Thankfully, her colleague takes over and quickly gets the necessary details. She can understand it all; they call her “The Bam Whisperer”.

There’s also a nod to the real-life story of the Glasgow nightclub that installed two-way mirrors in the ladies’ toilets so drunken morons could gawp at the unsuspecting women. I don’t consider myself a killjoy feminist but, with things as they are, I didn’t find this remotely funny.

But at least the old favourites are still here: weary Officer Karen and the indefatigable Bobby, plus volunteer officer Ken Beattie who has finally realised his dream of becoming a real police officer. So will our wee ginger pal suddenly start getting respect on the streets? What do you think?

BBC1, 9pm

OK, I love this show, so I probably tell you every week that tonight’s episode is a cracker – but tonight’s really is!

In fact, the chaos and idiocy on display were so severe I started to suspect the cheeky hand of editors at work, nudging the candidates toward some ridiculous choices, because surely no-one can be this daft if left to their own devices?

And yet it seems they are.

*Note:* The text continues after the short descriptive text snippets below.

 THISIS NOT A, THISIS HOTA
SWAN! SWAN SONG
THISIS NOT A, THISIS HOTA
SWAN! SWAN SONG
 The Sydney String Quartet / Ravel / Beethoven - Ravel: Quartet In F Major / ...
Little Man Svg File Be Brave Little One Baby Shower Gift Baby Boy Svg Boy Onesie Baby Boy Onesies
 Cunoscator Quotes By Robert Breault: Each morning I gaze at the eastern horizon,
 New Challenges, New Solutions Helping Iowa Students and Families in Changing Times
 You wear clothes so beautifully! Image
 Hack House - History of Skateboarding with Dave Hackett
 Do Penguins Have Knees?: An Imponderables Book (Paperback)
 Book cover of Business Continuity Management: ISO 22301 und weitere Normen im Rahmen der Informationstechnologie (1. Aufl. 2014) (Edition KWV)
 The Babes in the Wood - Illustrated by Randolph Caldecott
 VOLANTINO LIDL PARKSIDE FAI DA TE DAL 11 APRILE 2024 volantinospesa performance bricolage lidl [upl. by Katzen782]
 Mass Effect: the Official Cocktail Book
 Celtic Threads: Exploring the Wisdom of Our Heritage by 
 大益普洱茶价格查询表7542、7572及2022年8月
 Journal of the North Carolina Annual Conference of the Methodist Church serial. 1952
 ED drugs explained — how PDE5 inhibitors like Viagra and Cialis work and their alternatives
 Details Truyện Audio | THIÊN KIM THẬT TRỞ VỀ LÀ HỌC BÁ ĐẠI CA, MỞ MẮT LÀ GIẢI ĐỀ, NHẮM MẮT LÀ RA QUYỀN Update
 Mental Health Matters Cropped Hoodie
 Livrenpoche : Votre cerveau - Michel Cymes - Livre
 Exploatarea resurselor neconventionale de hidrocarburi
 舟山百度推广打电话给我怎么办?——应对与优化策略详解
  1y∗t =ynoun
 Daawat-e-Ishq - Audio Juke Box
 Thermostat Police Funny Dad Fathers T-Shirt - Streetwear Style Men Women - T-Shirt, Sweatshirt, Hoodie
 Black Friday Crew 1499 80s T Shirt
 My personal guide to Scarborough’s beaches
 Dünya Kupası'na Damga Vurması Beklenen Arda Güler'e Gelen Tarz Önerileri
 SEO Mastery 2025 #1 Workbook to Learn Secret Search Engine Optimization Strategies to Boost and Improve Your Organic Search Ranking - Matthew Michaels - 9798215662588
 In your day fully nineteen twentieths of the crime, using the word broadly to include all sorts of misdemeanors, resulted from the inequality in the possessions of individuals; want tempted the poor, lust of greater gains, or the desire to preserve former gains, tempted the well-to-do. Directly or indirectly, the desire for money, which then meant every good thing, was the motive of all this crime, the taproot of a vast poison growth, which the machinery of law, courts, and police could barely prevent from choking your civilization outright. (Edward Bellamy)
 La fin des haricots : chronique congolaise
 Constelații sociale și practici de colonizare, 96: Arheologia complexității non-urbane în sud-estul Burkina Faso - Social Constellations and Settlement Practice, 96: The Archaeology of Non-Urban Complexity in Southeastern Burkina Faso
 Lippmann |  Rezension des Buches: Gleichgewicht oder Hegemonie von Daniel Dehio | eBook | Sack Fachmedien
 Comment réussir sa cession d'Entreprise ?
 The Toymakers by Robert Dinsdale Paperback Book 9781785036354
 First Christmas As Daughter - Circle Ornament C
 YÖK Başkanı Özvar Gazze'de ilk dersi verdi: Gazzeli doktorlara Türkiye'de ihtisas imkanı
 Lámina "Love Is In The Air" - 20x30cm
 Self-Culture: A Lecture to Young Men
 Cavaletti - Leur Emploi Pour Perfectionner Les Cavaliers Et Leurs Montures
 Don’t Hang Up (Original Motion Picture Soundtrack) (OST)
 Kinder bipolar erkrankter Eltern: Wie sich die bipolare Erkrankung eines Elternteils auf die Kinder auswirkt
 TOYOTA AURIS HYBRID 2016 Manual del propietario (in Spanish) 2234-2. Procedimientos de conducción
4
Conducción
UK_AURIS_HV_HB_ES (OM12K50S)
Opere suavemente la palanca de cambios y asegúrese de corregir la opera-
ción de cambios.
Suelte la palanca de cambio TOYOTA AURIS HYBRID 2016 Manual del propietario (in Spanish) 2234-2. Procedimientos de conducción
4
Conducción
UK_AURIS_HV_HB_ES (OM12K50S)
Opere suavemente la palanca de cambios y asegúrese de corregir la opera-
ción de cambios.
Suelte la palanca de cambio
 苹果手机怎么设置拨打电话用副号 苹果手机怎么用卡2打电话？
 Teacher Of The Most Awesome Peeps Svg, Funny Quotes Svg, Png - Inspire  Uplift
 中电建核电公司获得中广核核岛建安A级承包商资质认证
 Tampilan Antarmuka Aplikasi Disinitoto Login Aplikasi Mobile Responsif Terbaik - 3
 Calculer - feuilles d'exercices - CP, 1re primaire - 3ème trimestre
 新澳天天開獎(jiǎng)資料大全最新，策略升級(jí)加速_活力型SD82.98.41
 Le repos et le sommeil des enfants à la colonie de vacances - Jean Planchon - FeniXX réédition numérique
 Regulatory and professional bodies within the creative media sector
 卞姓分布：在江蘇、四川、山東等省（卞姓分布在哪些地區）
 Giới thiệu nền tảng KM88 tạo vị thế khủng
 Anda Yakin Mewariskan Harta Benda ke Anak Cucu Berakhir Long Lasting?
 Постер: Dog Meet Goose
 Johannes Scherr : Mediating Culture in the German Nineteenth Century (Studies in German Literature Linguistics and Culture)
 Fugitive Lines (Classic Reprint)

In the boardroom, one of them even begs to be saved by appealing to Lord Sugar with “I’ve done a lot of doing!”

Each team is given the new Ford Fiesta and asked to create a name, slogan, and advertising campaign for it. They can choose from a series of locations for their glossy ads and one team makes a terrible mistake in selecting theirs.

I’m still laughing about it now. How could they be so daft?